Lora never learned the inside of that. Not long after the notice arrived there came a note from Anne inviting her to tea at an address in Brooklyn. She was minded not to take the trouble to go, but for once curiosity got the better of her; and there was Anne in a lovely yellow crepe gown, with a turquoise necklace and a permanent wave, smiling hostess in a large and luxurious living room to a group of chatty ladies none of whom Lora had ever seen before. She had no opportunity with Anne alone; and departed, furious, when it became apparent that there would be none. A month later Anne came to see her, but had little to tell about herself. She had known Ernest Seaver many years, she said, from childhood, in fact; they had been beaux at high school, upstate. He was one of those who get as a reward for heroic patience the cracked and empty shells from which bolder men have removed the kernels; or as Anne put it, “He used to say he’d wait, I’d take him some day; he’s really very sweet, Lo.” She had not rushed off to China, Lora gathered, but precisely where she had gone that summer day did not appear.
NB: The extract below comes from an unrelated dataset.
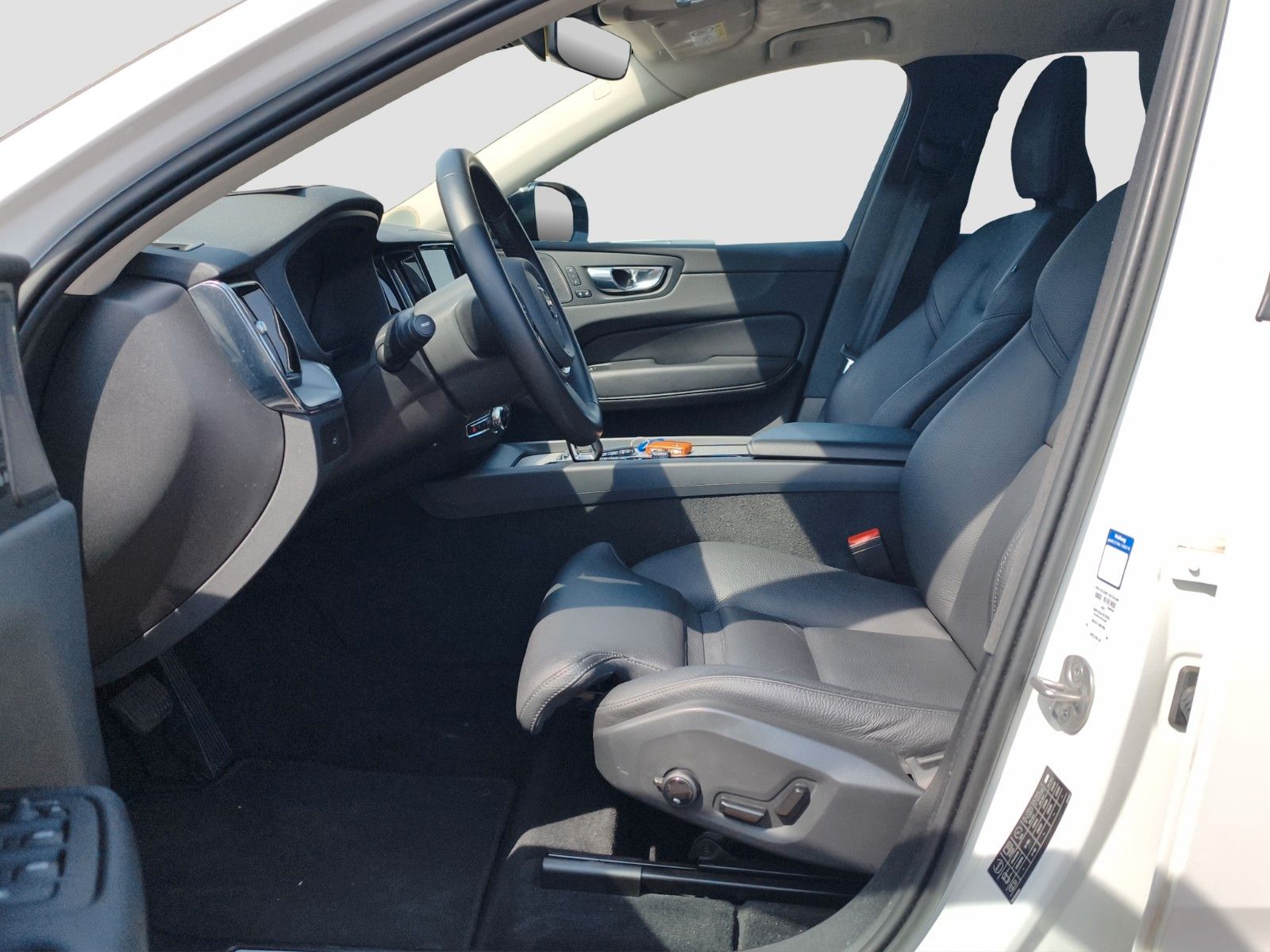 Volvo XC60 B4 Plus Dark AWD Standhzg ACC BLIS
Home probably, Oneida or Elmira or wherever it was. Steve was mentioned only once and then not by name; when Roy awoke and stirred in his crib Anne got up and went over to look at him and after a moment turned and said abruptly, in a voice so painfully tightened into casualness that Lora winced:
“You haven’t heard from him.”
Lora shook her head, too exasperated to speak, at a suffering so purposeless and so ineffectual. Killing yourself would be better than that, she thought.
As spring approached and it again became possible to spend whole mornings or afternoons outdoors with Roy without half freezing, she began to feel a touch of the restlessness that she remembered so well from that other life which seemed from this distance a dream. She shied violently from the comparison, but that did not remove the unrest. It was an annoyance, for it seemed to her to be clearly unreasonable. She had Roy, wasn’t that enough? He was so sturdy and healthy and smiling that people were constantly stopping to look at him, make faces at him, make noises with their tongue or lips. Surely she could ask nothing better than this. Well... yes. That would be all right, her work was pleasant enough, by no means burdensome, sufficiently well paid. Not too secure though. Fads in models change; that man with a white beard who had been in such demand a year ago was now going around begging. Oh, well, there would always be something to do...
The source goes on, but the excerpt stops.